• **Brief**
The data below is to be set down exactly.

• **Task data**

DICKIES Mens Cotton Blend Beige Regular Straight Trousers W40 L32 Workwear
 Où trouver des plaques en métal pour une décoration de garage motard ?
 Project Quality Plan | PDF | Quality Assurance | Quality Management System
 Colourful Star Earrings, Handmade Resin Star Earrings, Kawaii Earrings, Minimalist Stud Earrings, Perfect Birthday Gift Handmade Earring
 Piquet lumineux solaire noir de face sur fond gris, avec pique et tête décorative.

• **Expected answer**
DICKIES Mens Cotton Blend Beige Regular Straight Trousers W40 L32 Workwear
 Où trouver des plaques en métal pour une décoration de garage motard ?
 Project Quality Plan | PDF | Quality Assurance | Quality Management System
 Colourful Star Earrings, Handmade Resin Star Earrings, Kawaii Earrings, Minimalist Stud Earrings, Perfect Birthday Gift Handmade Earring
 Piquet lumineux solaire noir de face sur fond gris, avec pique et tête décorative.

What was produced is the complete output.